CINCINNATI (WKRC) -- Every year nearly 10,000 Americans are killed in alcohol-related car crashes, nearly 500 of those are Ohioans.
Despite tougher OVI laws, zero tolerance and harsh sentences, people still drive drunk. And people who get caught driving drunk, often do it again. Now, one Ohio family is pushing a tough new law that will make it harder for repeat drunk drivers to get behind the wheel.
On July 4th last year, 36-year-old Annie Rooney was driving on US-50 near Chillicothe when repeat OVI offender Shira Seymour crossed the center line and hit her.
Rooney died the next day.
Seymour is serving 8 years for aggravated vehicular homicide. It seems like another sad story with a tragic ending. But this story is far from over. Annie Rooney, an accomplished athlete and attorney, comes from a family of athletes who grew up to be attorneys and doctors. Last July, they became fighters.
Carole Rooney, Annie's mother, said, "We've lost Annie but we don't want anybody else to lose their children or their husband or their wife or their mother."
Dr. Rick Rooney, Annie's father, said, "We came here today, to be blunt about it, in an attempt to stop the killing and stop the dying."
The Rooneys have taken the fight to Columbus with House Bill 469, also known as "Annie's Law." It would require ignition interlocks on cars for first time OVI offenders. Simply put, convicted drunk drivers in Ohio would have to pass a self-administered breathalyzer test before their car would start. This is not just a mother and father against drunk driving. The Rooney family has been at every hearing in Columbus, pushing Annie's Law forward.

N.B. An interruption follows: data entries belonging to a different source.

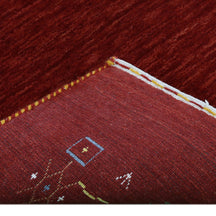Corner and edge detail of deep red Loom Lori wool rug showing geometric tribal motifs and traditional handcrafted finishing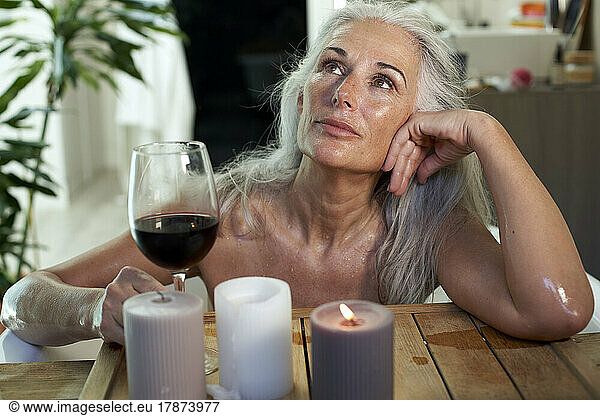 Thoughtful woman with red wine in bathroom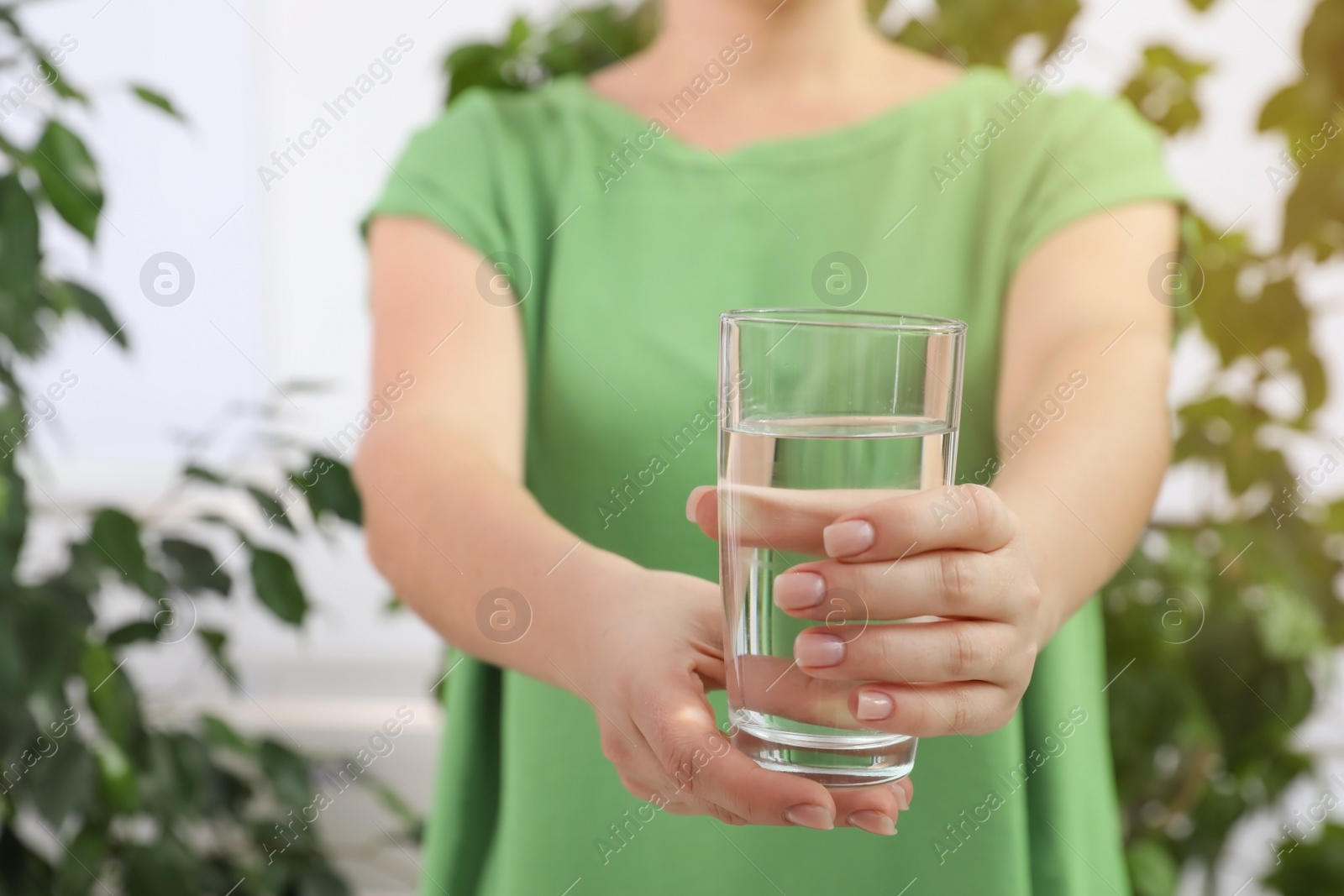 Photo of Woman holding glass of fresh water indoors, closeup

Kate Rooney Lyaker, Annie's sister, said, "We know that it can happen and we want to stop it from happening. 400 people a year are being killed by drunk drivers in Ohio. Every year and we know we can reduce that rate significantly by changing the law."
Dr. Walt Rooney, Annie's brother, said, "It's just a horrific public health plague that we just can't believe we haven't stopped yet and that's why we're here."
The bill was introduced in March. Currently, Ohio law allows interlocks after a second offense. Right now, 20 states require ignition interlocks for first-time offenders. Interlocks could cut down on drunk people getting behind the wheel. Most years, about a third of all OVI arrests are repeat offenders. Many argue that safety would be better served if driving privileges were just taken away. But Triple-A estimates that more than half the drunk drivers whose licenses are suspended or revoked (somewhere between 50 and 75 percent of them) continue to drive without a license. Sometimes, they drive drunk.
The ignition interlock is about the size of a 1990's cellphone and easily installed. One of the largest manufacturers, LifeSafer, is based in Blue Ash. Under Annie's Law, the OVI offender would pay for the installation.
"It's typically about $2.50 a day for somebody to have it installed. It's less than if you go out and have a drink at a bar, certainly," said Elizabeth Fink of LifeSafer Inc.
No organized opposition has surfaced in the legislature but the bill is still a long way from a vote, much less becoming law. But it has some heavyweight support in Ohio Triple-A and MADD.
"We're hoping that we don't continue to see first time offenders become repeat offenders. And we feel with Annie's Law, we can see that," Rachel Babich said of southwest Ohio MADD.
Annie Rooney spent most of her legal career prosecuting domestic violence cases. Her family says she was a fighter who fought for people who didn't feel they had a voice. That's why her family keeps suiting up and showing up, with no plans to shut up.
Her mother tells Local 12's Joe Webb, "I think we're doing what Annie can't do. I think Annie would be right behind us pushing us and fighting for this law just like we're doing."